* **What you are asked to do**: In your copy of the data, include no pictures and alter nothing else.

* **Information shown**:
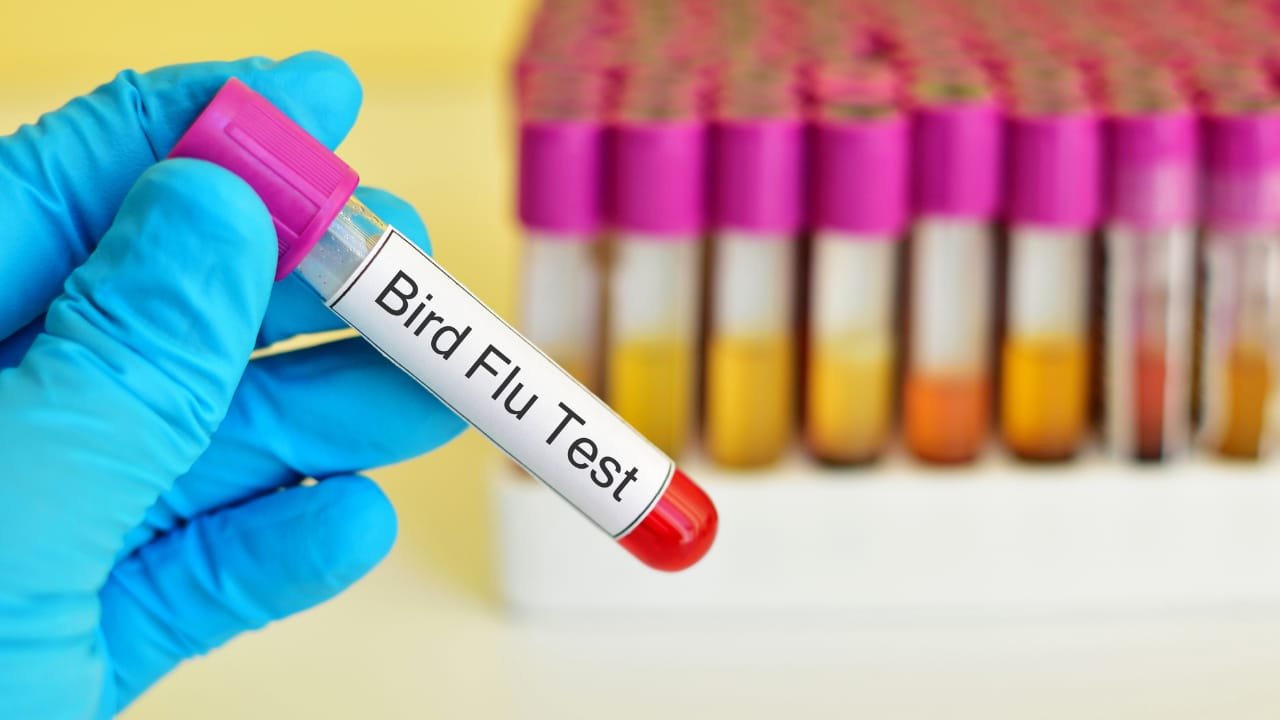 “Border Patrol: Tamil Nadu Takes Flight against Bird Flu Outbreak”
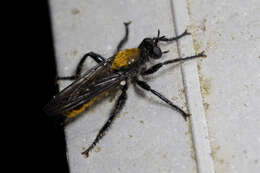 Image of Bee-like Robber Flies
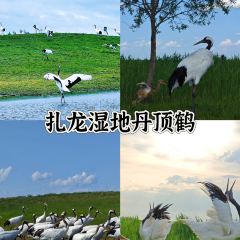 馬曉馬佳牛羊肉張用戶圖片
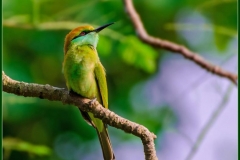 Little green bee-eater (Merops orientalis) (1) copy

* **Exercise output**:
 “Border Patrol: Tamil Nadu Takes Flight against Bird Flu Outbreak”
 Image of Bee-like Robber Flies
 馬曉馬佳牛羊肉張用戶圖片
 Little green bee-eater (Merops orientalis) (1) copy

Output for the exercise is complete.